In the statement accompanying the decision, official noted recent declines in inflation and expressed optimism that risks to the inflation outlook remained balanced after they were more concerned previously about upside risks. They noted, however, that monthly inflation data indicates that quarterly inflation in the three months to June will be stronger than they had previously expected.
Having already cut policy rates by 50 basis points in recent months, this uncertainty about near-term inflation prospects means officials are cautious about loosening policy too aggressively. As a result, they judged today that they “could wait for a little more information to confirm that inflation remains on track to reach 2.5 per cent on a sustainable basis.”
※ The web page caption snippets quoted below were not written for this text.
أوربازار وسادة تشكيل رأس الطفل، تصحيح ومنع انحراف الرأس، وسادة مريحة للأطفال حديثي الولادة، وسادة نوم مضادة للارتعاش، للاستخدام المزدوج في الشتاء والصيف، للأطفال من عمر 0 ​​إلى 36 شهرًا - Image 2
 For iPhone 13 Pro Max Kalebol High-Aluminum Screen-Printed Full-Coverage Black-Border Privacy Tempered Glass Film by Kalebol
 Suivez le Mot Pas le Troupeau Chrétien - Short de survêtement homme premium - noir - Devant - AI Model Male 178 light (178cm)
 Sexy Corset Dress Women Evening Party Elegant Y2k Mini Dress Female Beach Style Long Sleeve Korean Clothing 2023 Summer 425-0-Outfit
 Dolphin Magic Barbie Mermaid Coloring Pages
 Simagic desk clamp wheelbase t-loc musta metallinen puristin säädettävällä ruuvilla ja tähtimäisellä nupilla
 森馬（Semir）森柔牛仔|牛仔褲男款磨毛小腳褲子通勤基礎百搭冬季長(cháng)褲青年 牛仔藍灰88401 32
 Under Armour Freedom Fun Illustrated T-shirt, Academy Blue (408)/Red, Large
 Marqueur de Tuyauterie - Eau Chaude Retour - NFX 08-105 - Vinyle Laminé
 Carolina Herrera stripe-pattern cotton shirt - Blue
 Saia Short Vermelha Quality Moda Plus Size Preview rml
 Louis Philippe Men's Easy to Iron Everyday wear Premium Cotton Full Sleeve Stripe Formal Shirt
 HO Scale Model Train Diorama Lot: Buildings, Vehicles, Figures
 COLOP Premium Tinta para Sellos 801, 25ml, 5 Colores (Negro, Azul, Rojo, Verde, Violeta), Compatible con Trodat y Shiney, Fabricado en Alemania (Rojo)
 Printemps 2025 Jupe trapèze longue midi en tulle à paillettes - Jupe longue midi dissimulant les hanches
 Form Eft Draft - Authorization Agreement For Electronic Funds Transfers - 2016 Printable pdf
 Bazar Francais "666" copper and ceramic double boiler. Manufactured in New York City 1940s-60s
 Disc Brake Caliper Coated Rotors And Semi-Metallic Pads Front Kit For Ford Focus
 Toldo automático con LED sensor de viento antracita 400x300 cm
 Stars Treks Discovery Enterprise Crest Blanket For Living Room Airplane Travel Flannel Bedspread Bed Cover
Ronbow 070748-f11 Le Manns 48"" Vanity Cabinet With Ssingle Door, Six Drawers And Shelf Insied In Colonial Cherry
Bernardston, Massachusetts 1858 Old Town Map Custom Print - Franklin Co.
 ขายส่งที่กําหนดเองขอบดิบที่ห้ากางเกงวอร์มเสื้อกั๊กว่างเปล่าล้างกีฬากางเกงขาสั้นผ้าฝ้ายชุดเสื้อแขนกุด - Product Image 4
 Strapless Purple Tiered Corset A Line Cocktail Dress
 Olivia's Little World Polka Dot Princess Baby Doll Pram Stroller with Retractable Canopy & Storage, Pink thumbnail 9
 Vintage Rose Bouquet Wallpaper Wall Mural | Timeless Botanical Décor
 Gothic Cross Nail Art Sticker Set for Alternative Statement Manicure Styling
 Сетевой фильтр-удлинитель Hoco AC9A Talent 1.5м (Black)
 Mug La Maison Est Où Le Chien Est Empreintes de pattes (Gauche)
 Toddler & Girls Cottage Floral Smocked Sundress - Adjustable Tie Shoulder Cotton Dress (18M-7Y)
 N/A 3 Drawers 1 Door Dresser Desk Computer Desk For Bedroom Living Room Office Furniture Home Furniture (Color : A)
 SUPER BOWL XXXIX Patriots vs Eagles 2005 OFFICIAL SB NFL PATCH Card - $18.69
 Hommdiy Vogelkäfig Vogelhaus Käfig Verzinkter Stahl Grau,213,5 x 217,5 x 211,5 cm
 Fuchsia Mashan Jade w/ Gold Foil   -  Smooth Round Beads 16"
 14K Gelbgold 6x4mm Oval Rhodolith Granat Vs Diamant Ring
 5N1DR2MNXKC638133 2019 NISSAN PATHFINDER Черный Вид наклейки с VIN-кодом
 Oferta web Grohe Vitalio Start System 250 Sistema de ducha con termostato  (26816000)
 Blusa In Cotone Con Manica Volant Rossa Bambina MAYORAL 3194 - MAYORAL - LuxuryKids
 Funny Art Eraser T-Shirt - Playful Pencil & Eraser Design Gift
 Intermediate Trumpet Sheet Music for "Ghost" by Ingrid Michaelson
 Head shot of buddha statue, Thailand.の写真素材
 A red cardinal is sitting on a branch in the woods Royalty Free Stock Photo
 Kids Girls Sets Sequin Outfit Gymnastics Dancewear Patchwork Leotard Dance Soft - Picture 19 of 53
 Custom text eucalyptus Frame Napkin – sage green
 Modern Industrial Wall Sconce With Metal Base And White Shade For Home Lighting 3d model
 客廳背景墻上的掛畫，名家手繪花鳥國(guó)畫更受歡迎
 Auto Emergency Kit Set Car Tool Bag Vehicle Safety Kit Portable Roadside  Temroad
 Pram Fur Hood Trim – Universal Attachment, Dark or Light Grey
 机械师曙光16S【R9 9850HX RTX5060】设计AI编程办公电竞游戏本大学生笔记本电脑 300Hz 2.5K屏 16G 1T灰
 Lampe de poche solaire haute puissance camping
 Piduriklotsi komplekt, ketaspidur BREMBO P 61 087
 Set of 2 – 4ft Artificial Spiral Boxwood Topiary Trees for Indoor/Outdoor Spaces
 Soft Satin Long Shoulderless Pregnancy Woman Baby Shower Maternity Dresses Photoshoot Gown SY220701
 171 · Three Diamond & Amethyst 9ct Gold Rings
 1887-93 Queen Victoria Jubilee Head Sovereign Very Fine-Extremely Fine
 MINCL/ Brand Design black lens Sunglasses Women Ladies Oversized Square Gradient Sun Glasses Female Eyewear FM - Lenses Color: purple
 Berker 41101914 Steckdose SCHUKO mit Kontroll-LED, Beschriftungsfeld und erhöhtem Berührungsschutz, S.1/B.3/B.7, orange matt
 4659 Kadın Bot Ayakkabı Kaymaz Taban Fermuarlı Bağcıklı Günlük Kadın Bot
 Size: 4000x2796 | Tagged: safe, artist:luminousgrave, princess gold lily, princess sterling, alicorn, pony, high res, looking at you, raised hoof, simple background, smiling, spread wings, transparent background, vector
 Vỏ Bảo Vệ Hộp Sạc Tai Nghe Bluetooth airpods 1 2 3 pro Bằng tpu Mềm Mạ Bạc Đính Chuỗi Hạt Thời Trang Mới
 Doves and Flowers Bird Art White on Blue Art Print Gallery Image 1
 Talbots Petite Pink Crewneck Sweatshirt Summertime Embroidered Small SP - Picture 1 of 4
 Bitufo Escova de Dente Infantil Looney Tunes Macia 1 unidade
The statement shows, however, that today’s decision was not unanimous, with only six of the nine members voting to keep policy rates on hold. In the post-meeting press conference, RBA Governor Michele Bullock advised that a majority of members "decided to wait a few weeks to confirm that we’re still on track to meet our inflation expectation", further noting that "the decision today was about timing rather than direction.” This suggests that there is a good chance that a majority of members could support a rate cut at the next meeting if data provide greater confidence about the inflation outlook.
Inflation
China’s headline consumer price index rose 0.1 percent on the year in June, up from a decline of 0.1 percent in May, and fell 0.1 percent on the month after dropping 0.2 percent previously. Food prices fell 0.3 percent on the year, but this was offset by price increases for non-food items, with core inflation at 0.7 percent. Producer price inflation data also published today showed ongoing weakness in price pressures.
China’s headline producer price index fell 3.6 percent on the year in June, weakening further from the 3.3 percent decline recorded in May. Headline PPI inflation has been in negative territory since late 2022 and this is the biggest year-over-year decline since July 2023. The index fell 0.4 percent on the month, as it did previously. Consumer price data also published today showed headline inflation remained close to zero in June.
Employment
Surprise. The Canadian economy created a stunning 83,100 jobs in June, far more than the consensus expectation of 8,000 in an Econoday survey of forecasters. The economy hadn’t added that many jobs since December 2024. The unemployment rate ticked down to 6.9 percent while expectations had centered on an increase to 7.1 percent from 7.0 percent. This was the first unemployment rate decline since January. The participation rate edged up to 65.4 percent from 65.3 percent.
A 69,500 gain in part-time employment led the overall increase in June, although full-time was also up 13,500. Employment was driven by the private sector, which added 46,600 jobs, nearly twice as much as the public sector. Services increased 73,100 while goods-producing industries were up 10,100.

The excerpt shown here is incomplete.